Es ist schwierig, sich komplett zu schützen, denn soziale Medien sind Teil der Gesellschaft. Neben dem Vorteil der breiten Informationsgewinnung über die Vielfalt an Inhalten finden wir auf Social Media auch potenziell schädliche Messages. Die sozialen Medien deshalb komplett zu meiden ist jedoch auch nicht zeitgemäß. Deswegen sollten wir lieber schauen, wie wir unseren eigenen Konsum dahingehend verändern, dass er sich für uns persönlich positiv auswirkt. Und das funktioniert über die Vermittlung von Medienkompetenz. Vor allem bei Jugendlichen, deren Körper sich noch verändern, sollte präventiv angesetzt werden. Das belegen auch Studien, wonach die Schaffung einer sogenannten „kognitiven Dissonanz“ dabei hilft, potentielle Schäden von Social Media zu verhindern. Die „Kognitive Dissonanz“ entsteht dann, wenn wir verinnerlichen, dass nicht alles der Realität entspricht, was wir auf Social Media sehen.
Das gilt aber auch für Erwachsene: Wenn uns bewusst wird, dass die allermeisten Bilder unrealistisch sind und auch die gesellschaftlich determinierten Körperideale für ganz viele Menschen unerreichbar sind, kann uns das vor einem dysfunktionalen Vergleich schützen. Dazu kann es auch hilfreich sein, ins ‚echte‘ Leben zu gehen und ungefilterte, realistische Körper zu sehen. Wir werden mit großer Sicherheit feststellen, dass der Durchschnittskörper alles andere als „perfekt“ ist – und das ist gut so!
Was begünstigt neben Social Media die Entstehung von einem negativen Körperbild?

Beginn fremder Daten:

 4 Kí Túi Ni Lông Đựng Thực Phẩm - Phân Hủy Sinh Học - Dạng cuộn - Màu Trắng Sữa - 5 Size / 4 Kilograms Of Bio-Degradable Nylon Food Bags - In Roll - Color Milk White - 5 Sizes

Bei der Entstehung eines negativen Körperbildes unterscheiden wir zwischen gesellschaftlichen, familiären und persönlichen Faktoren. Zu den gesellschaftlichen Faktoren zählt die Diätkultur, in der wir leben. In unserer Diätkultur wird der schlanke Körper positiver bewertet und die Beschämung von dicken Körpern, also Bodyshaming, liegt an der Tagesordnung. Diese Dynamik wirkt durch Medien und unser soziales Umfeld permanent auf uns ein. Sie ist tief verankert und stellt ein strukturelles und nicht etwa ein individuelles Problem dar. Gewichtsdiskriminierung findet in verschiedenen Bereichen der Gesellschaft statt: in der zwischenmenschlichen Interaktion, auf dem Arbeitsmarkt, im Gesundheitswesen, in der Partnerschaft oder auch in traditionellen und sozialen Medien.

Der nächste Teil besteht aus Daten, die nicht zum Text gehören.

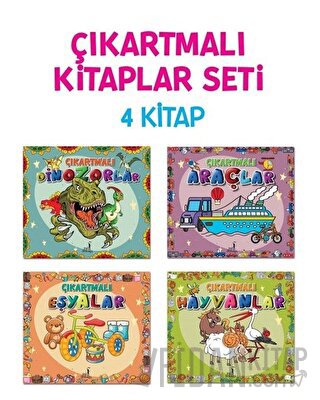 Çıkartmalı Kitaplar Seti (4 Kitap Takım)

Aber auch familiäre Einflüsse prägen unser Körperbild nachweislich: Wenn Eltern beispielsweise ein negatives Körperbild haben, kann sich das auf die Kinder übertragen. Die Eltern äußern vielleicht häufiger negative körperbezogene Kommentare über sich und andere Körper, sie fungieren als Modell für ihre Kinder, die diese Muster nachahmen. Gerade Mädchen identifizieren sich mit ihrer Mutter. Wenn die Mutter unzufrieden mit ihrem Körper ist, ständig Diät macht und es verbotene Lebensmittel gibt, dann besteht das Risiko, dass dieses negative Körperbild transgenerational weitergegeben wird.
Wie kann man, wenn man selbst ein schwieriges Verhältnis zu seinem Körper hat, versuchen, möglichst wenig davon weiterzugeben?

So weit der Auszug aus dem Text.